TASK TO CARRY OUT. After checking the listing below, say how many of its lines contain the string "setting". Only the number is needed.

DATA PROVIDED.
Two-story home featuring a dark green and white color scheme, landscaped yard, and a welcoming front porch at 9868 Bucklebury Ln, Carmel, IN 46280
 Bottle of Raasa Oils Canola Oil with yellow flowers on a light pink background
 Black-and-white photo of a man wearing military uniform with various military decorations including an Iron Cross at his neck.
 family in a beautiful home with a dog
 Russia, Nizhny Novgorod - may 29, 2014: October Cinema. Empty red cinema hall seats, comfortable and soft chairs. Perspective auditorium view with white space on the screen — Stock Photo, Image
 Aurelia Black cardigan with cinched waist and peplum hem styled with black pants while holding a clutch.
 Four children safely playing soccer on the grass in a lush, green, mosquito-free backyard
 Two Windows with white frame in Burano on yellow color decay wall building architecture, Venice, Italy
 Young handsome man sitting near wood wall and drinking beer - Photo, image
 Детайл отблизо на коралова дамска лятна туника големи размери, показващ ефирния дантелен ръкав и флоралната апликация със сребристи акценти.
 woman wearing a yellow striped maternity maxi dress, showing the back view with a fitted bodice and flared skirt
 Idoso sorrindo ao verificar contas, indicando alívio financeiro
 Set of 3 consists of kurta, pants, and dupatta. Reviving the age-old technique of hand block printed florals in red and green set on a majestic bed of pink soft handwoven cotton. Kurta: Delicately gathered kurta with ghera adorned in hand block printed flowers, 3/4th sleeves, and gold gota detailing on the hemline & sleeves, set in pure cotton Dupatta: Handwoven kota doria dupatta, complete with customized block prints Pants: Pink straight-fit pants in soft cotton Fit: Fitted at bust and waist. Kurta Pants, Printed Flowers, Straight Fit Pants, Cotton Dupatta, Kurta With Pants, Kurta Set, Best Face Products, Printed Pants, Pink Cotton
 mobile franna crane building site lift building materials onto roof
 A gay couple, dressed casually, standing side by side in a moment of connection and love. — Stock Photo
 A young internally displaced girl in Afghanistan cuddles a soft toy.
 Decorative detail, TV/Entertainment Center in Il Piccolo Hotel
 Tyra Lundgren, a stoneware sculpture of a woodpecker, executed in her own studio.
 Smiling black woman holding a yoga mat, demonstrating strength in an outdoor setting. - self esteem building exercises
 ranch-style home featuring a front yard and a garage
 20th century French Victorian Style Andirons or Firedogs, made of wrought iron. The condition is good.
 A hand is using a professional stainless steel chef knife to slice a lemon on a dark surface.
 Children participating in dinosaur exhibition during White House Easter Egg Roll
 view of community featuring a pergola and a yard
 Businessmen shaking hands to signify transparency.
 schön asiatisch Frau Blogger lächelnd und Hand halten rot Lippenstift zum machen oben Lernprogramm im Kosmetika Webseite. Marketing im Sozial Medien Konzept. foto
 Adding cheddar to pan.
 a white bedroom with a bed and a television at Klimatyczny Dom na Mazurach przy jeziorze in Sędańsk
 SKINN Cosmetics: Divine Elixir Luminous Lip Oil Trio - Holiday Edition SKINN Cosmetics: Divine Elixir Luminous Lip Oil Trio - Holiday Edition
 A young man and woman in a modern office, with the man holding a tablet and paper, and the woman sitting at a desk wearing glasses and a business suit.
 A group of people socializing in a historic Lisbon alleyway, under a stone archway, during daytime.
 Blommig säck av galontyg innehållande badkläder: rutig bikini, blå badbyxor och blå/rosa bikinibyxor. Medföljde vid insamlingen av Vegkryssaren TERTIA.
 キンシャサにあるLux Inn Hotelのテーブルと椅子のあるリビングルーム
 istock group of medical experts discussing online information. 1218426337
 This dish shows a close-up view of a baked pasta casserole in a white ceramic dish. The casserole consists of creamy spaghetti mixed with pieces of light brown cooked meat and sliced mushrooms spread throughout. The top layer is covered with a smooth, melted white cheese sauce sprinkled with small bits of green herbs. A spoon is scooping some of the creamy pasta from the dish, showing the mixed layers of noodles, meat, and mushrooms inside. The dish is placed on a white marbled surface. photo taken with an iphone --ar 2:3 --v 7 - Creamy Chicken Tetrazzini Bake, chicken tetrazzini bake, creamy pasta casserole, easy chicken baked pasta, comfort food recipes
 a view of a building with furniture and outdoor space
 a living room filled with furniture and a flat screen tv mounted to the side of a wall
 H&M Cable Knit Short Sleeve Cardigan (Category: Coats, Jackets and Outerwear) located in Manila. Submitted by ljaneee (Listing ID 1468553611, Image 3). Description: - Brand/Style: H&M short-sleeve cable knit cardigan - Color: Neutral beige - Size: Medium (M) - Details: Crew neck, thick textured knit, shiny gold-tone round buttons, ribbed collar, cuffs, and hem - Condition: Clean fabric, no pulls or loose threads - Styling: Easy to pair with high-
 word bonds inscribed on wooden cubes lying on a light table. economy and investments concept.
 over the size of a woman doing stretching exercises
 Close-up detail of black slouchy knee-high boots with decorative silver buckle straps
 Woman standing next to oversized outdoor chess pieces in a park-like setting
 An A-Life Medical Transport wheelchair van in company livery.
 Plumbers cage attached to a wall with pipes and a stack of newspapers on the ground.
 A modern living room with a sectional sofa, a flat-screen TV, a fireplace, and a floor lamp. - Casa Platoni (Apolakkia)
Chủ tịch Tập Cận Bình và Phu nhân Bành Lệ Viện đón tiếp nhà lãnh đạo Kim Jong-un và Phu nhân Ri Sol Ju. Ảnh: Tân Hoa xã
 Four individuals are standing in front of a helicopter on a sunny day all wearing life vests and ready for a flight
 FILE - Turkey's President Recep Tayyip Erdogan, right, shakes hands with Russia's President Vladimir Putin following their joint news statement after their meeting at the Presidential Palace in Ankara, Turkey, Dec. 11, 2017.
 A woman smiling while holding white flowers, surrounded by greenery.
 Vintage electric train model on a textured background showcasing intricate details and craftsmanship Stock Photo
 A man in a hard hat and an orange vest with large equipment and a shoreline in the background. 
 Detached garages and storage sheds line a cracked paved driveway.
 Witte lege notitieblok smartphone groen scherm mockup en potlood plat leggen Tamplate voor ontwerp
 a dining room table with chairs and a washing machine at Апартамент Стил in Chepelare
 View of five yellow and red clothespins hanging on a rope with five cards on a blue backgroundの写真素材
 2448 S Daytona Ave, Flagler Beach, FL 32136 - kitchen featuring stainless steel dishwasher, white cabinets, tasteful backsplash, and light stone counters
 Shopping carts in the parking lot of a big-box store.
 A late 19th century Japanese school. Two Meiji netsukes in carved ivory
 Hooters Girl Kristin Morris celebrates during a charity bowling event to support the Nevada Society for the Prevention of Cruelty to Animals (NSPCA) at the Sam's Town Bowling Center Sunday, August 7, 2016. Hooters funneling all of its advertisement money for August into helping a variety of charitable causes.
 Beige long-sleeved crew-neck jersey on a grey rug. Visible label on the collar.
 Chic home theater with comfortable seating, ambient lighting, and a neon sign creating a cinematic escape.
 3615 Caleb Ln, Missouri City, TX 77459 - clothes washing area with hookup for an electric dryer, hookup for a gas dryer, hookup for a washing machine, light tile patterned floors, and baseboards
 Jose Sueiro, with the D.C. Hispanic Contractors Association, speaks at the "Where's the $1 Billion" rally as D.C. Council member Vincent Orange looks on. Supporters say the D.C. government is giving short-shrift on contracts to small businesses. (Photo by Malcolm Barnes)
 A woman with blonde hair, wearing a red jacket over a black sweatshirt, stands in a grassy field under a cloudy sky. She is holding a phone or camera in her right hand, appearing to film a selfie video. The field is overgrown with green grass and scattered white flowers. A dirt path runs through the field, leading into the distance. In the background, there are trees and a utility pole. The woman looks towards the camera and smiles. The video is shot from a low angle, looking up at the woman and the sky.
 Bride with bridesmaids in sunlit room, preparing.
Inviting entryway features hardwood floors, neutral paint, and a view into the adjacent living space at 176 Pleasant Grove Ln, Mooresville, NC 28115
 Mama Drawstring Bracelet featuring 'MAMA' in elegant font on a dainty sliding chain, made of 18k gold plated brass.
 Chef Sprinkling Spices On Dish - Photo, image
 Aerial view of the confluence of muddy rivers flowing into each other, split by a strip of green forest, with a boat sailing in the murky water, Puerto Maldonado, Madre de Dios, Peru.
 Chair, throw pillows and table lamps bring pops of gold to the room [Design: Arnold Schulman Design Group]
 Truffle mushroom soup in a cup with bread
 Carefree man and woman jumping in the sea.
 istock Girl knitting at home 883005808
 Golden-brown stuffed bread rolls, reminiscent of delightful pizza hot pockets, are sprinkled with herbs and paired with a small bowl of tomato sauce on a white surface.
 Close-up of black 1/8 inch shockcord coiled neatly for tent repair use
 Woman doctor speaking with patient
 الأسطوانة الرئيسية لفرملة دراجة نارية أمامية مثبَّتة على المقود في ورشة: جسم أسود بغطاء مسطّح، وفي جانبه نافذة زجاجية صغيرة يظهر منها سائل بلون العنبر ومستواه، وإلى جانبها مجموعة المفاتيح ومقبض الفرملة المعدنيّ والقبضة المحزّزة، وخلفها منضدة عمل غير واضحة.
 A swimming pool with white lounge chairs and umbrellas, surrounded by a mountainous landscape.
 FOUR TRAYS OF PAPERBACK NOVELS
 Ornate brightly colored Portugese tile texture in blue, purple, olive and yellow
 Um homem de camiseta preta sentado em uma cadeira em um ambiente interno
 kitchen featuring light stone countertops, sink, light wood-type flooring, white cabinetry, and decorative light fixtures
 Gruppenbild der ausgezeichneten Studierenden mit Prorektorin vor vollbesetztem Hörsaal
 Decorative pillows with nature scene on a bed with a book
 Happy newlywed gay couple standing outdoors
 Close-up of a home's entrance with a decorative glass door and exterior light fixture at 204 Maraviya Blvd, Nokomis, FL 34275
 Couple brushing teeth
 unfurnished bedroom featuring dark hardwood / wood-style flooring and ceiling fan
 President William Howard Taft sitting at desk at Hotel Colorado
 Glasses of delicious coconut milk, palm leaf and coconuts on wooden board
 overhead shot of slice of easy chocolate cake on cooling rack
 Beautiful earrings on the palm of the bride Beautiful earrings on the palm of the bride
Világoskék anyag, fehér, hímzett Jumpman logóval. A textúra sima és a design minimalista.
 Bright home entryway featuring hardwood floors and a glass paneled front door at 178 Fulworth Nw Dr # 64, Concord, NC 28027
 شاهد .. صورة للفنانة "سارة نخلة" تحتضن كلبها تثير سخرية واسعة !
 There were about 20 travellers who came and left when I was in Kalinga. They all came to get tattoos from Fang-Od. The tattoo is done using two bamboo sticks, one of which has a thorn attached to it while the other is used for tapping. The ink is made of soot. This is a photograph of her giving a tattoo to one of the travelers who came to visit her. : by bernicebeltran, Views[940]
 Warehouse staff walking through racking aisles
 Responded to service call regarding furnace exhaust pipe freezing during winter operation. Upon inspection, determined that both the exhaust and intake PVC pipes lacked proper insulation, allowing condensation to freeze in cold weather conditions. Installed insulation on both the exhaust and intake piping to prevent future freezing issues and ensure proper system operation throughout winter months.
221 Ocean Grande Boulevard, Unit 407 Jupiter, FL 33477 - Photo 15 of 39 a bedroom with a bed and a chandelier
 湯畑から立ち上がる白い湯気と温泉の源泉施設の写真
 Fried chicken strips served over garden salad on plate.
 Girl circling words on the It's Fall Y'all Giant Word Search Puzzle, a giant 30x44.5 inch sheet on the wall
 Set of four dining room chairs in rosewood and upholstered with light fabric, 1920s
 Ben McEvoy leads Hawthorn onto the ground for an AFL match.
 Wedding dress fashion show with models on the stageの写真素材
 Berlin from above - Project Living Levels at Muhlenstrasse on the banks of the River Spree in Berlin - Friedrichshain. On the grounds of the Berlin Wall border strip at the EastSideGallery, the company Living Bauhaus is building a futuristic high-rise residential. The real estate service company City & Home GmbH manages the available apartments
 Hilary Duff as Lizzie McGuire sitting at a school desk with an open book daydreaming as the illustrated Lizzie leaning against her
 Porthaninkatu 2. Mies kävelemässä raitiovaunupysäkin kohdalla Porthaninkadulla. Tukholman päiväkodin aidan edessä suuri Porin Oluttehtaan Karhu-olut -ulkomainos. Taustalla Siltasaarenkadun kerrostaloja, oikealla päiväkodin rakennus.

RESULT. 2